宏道流の歴史

宏道流の歴史

宏道流の略史

  宏道流は江戸時代中期、享保より享和年間(1716~1804)に至る間に、 常盤井御所古流の第19世梨雲斎望月義想(1722~1804)によって創流された。 望月義想は常盤井御所古流の家元で、御所の花飾りを担っていた。 中国「明」の詩人でもあり文学者でもある袁中郎宏道の著した『瓶史』の花論に共鳴し、 その思想に心酔し、「袁中郎流」として創流したが、次第次第の人口的な膾炙のもと 「宏道流」と呼ばれるようになり、今日に至っている。流派の呼称が人々によって支持されたというのは、 いけばな史上、誠にめずらしい形態と言える。

『瓶史』

  袁宏道中郎著。明代の万暦28年(1600)に刊行された中国の花書で、日本では元禄9年(1696)に刊行された。
 中国の文人たちの瓶花趣味を伝えており、瓶花の心得が多岐にわたって記されている。

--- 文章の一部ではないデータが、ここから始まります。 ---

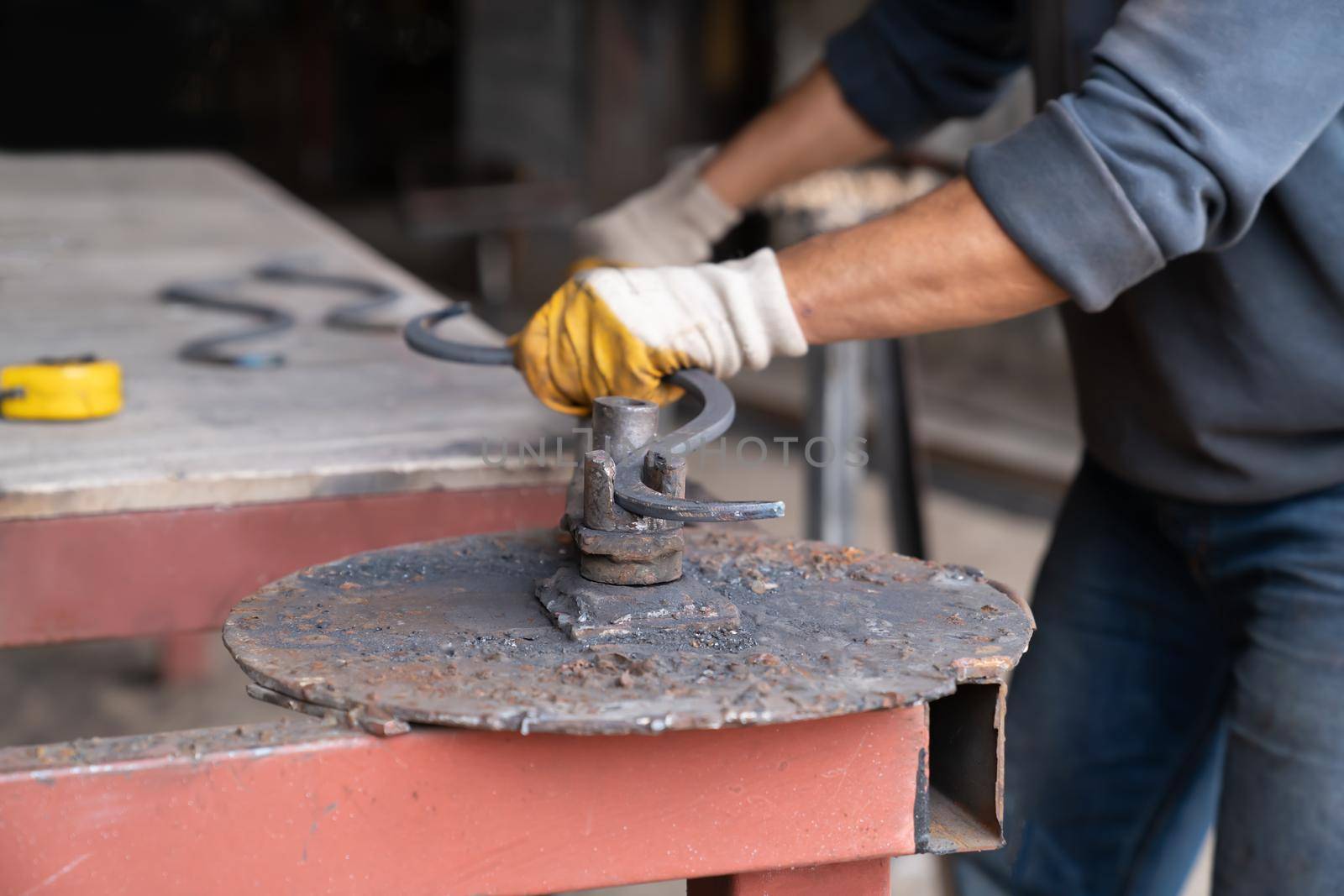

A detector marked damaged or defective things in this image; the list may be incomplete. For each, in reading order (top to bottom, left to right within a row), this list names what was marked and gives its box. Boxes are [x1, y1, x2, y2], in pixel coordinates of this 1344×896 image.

rusty metal plate [225, 529, 1032, 731]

文人趣味の瓶花は、日本の座敷飾りの花とは異質の清新な作風の花が多く、江戸時代のいけばな界に新風を吹き込んだ。なお、本書を初心者向きに解説した『瓶史述要』(明和7年〈1770〉刊)、日本人としてわかりやすく編纂した『瓶史国字解』(文化6年〈1809〉刊)、『瓶史』に記載された花材を研究した『瓶史草木備考』(明治14年〈1881〉刊)などが挙げられる。 義想もまたこの『瓶史』の精神に大きな感銘を受けた一人であり、『瓶史』を校訂して刊行し、同時代に創流された他の流派と共々、多くの人々の共感を呼んだ。当時の記録によれば、江戸・相模を中心として門弟三千人を越えたと言われている。又、武士でも漢籍か中国書画などの知識を持った人々に支持され武家のいけばなとしての地位を確立した。肥後細川藩のお家流として宏道流が現在に至っているのもこうした背景に依る。
  梨雲斎 姓は望月氏 名ハ義想ニシテ俗称調兵衛ナリ 江戸ノ人ニシテ家ハ世篠輪津(不忍)ノ西ニ住ム 享保七年壬寅ノ正月ニ生マレ文化元甲子の歳九月ニ死ス。 歳八十有三歳ナリ 詩ヲ賦シ 書ヲ娯シミ 又性幼年自リ挿花ヲ嗜ム。 常ニ胆瓶ヲ以テ時花ヲ貯ヘ 之ヲ挿ミ換ヘテ倦ム コト無シ 人或ヒハ之ヲ花癖子ト謂フ。 嘗テ袁石公(袁宏道)作ル所ノ『瓶史』ヲ読ミ 沈潜翫味スルコト之ヲ久シウシ 同行ノ者ト談論スル毎ニ嘆ジテ曰ク 挿花ノ『瓶史』有ルハ猶礼楽ノ春秋有ルガゴトシト 遂ニ『瓶史』一篇ヲ挙ゲテ之ガ為ニ序シテ其ノ義ヲ表章シ 其ノ薀ヲ申抒シテ以テ諸ヲ同臭ノ侶ニ喩ス 是自リ以来知リテ之ヲ好ム者都下ニ藩衍シ施テ他ノ邦ニ及ブ本朝ニ於テ『瓶史』開元ノ祖也。 そして文化年間には、義想の指導のもと高弟たちの手により、『瓶史』に詳細な註解をほどこした『瓶史国字解』(全四巻)が刊行され、ついで高弟の一人である桐谷鳥習は宏道流門人の総力を結集して『袁中郎流挿花図絵』(全九巻)を刊行した。これには三百三十余点の作品が収録され、江戸時代に刊行された二百数十書の花書の中でも、合わせて全十三巻という著作はきわめて例外的なもので、これも花道史上特筆されることである。 この後、宏道流は『瓶史』の挿花精神をバックボーンとしながら、二代義達、三代義徳、四代義泉、五代義寛、六代義耀、七代義琮と継承され、現在八代目として義瑄に受け継がれている。